*About this task:* In the entries below, find the line with "Árvore Ficus Lyrata" and print exactly every line from there up to and including the line with "Senso Bobbi I Cocoa Calf Leather Belt", with no other lines.

*Records:*
-.-.-

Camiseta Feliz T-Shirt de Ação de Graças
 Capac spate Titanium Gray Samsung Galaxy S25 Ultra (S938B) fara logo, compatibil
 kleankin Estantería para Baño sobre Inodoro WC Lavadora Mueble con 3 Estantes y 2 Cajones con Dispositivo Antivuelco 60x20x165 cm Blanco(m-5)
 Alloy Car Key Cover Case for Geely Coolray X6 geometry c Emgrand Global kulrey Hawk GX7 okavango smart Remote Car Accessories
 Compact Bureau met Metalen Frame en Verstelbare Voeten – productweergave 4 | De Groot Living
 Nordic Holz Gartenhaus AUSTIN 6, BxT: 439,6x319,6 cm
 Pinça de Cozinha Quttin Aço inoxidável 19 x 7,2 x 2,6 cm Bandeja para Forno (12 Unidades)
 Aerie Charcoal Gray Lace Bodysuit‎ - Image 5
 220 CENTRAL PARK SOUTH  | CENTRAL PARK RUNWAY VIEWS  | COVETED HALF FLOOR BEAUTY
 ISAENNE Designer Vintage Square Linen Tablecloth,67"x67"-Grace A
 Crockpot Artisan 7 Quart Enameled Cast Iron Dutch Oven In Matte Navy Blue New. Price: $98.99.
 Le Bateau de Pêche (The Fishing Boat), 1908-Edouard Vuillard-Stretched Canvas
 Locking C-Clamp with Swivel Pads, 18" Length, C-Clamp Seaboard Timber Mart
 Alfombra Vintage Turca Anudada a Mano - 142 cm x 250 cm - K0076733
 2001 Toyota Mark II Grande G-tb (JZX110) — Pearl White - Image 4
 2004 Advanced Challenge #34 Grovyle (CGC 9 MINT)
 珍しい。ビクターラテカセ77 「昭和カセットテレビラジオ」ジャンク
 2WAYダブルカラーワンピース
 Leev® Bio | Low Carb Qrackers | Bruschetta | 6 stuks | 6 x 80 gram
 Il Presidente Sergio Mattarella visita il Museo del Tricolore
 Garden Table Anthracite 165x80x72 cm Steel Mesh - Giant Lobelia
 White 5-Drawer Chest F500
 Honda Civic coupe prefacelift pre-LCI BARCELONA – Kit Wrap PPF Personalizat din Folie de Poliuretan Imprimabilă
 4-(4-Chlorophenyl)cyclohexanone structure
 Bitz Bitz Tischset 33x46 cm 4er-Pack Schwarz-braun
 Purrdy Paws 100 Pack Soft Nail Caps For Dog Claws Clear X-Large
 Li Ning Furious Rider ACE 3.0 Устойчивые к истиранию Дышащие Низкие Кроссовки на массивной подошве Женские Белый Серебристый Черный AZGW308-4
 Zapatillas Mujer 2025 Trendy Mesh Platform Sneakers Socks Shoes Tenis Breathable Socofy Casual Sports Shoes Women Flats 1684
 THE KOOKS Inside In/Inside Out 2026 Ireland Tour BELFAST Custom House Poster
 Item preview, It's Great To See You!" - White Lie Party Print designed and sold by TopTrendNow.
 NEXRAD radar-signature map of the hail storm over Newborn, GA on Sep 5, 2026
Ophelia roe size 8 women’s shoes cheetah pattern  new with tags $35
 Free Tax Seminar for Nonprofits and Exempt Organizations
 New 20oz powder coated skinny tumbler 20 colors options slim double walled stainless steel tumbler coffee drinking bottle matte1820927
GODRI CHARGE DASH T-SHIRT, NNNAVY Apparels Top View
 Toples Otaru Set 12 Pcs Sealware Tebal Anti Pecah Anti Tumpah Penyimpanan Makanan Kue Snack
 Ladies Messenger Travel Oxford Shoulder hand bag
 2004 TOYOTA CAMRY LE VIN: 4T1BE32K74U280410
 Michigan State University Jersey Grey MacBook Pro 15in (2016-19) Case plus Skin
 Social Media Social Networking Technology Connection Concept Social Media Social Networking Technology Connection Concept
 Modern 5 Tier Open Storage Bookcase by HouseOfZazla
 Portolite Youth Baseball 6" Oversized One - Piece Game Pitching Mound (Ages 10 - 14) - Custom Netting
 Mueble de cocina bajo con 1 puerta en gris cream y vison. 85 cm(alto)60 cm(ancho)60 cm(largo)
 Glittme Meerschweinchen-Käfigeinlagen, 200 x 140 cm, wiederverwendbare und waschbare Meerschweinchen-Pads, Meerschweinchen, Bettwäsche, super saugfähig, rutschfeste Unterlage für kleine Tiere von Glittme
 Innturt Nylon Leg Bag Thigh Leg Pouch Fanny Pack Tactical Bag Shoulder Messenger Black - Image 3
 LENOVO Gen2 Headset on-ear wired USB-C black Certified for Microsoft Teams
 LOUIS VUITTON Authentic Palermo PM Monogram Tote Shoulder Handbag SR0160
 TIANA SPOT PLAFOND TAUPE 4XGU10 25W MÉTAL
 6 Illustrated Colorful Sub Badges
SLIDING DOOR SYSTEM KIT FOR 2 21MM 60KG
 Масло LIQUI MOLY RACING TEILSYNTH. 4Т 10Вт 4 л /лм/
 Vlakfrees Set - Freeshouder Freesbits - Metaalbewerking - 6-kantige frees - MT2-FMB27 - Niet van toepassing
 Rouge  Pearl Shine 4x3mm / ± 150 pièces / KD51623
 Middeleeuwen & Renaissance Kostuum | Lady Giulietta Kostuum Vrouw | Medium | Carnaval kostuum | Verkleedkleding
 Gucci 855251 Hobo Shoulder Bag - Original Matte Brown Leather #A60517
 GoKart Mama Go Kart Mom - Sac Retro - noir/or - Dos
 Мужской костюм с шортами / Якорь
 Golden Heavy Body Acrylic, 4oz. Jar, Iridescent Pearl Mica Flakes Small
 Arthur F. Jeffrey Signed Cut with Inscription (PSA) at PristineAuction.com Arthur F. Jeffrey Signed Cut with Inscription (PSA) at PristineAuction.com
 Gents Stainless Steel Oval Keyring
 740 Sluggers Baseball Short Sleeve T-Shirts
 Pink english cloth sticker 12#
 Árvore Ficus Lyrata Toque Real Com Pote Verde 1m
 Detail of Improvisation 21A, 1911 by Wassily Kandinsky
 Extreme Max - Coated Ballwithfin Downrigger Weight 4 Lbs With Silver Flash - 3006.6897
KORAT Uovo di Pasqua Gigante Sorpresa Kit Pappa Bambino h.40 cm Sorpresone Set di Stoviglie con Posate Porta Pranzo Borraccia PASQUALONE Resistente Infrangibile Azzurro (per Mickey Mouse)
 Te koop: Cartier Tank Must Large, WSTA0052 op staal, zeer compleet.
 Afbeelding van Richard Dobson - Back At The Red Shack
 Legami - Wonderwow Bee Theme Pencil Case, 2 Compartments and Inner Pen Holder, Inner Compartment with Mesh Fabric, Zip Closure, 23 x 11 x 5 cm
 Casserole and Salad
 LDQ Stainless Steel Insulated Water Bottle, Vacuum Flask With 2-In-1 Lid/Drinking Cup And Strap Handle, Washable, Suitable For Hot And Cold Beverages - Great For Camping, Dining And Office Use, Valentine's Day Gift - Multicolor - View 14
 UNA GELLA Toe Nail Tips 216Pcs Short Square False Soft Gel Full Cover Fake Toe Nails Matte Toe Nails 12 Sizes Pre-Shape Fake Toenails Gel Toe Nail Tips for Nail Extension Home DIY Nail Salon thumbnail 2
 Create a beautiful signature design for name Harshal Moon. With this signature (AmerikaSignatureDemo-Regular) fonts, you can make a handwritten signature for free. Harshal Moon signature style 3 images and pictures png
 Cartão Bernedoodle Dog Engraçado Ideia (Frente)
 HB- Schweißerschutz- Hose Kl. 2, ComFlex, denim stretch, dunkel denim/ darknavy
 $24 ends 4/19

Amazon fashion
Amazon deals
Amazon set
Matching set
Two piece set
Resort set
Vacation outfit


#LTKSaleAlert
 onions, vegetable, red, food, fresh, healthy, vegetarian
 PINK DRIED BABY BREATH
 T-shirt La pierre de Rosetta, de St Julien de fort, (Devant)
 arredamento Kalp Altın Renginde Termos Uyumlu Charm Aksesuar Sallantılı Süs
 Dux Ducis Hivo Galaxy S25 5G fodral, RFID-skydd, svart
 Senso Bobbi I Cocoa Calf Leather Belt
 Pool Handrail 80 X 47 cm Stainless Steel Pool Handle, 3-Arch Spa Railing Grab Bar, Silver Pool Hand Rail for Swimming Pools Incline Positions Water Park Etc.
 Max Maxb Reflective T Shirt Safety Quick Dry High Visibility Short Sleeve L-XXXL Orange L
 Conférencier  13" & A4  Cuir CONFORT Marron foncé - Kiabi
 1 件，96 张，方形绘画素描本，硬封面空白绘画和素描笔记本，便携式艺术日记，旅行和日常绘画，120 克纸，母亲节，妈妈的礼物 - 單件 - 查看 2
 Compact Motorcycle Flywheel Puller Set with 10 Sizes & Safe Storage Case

-.-.-

*Exercise result:*
 Árvore Ficus Lyrata Toque Real Com Pote Verde 1m
 Detail of Improvisation 21A, 1911 by Wassily Kandinsky
 Extreme Max - Coated Ballwithfin Downrigger Weight 4 Lbs With Silver Flash - 3006.6897
KORAT Uovo di Pasqua Gigante Sorpresa Kit Pappa Bambino h.40 cm Sorpresone Set di Stoviglie con Posate Porta Pranzo Borraccia PASQUALONE Resistente Infrangibile Azzurro (per Mickey Mouse)
 Te koop: Cartier Tank Must Large, WSTA0052 op staal, zeer compleet.
 Afbeelding van Richard Dobson - Back At The Red Shack
 Legami - Wonderwow Bee Theme Pencil Case, 2 Compartments and Inner Pen Holder, Inner Compartment with Mesh Fabric, Zip Closure, 23 x 11 x 5 cm
 Casserole and Salad
 LDQ Stainless Steel Insulated Water Bottle, Vacuum Flask With 2-In-1 Lid/Drinking Cup And Strap Handle, Washable, Suitable For Hot And Cold Beverages - Great For Camping, Dining And Office Use, Valentine's Day Gift - Multicolor - View 14
 UNA GELLA Toe Nail Tips 216Pcs Short Square False Soft Gel Full Cover Fake Toe Nails Matte Toe Nails 12 Sizes Pre-Shape Fake Toenails Gel Toe Nail Tips for Nail Extension Home DIY Nail Salon thumbnail 2
 Create a beautiful signature design for name Harshal Moon. With this signature (AmerikaSignatureDemo-Regular) fonts, you can make a handwritten signature for free. Harshal Moon signature style 3 images and pictures png
 Cartão Bernedoodle Dog Engraçado Ideia (Frente)
 HB- Schweißerschutz- Hose Kl. 2, ComFlex, denim stretch, dunkel denim/ darknavy
 $24 ends 4/19

Amazon fashion
Amazon deals
Amazon set
Matching set
Two piece set
Resort set
Vacation outfit


#LTKSaleAlert
 onions, vegetable, red, food, fresh, healthy, vegetarian
 PINK DRIED BABY BREATH
 T-shirt La pierre de Rosetta, de St Julien de fort, (Devant)
 arredamento Kalp Altın Renginde Termos Uyumlu Charm Aksesuar Sallantılı Süs
 Dux Ducis Hivo Galaxy S25 5G fodral, RFID-skydd, svart
 Senso Bobbi I Cocoa Calf Leather Belt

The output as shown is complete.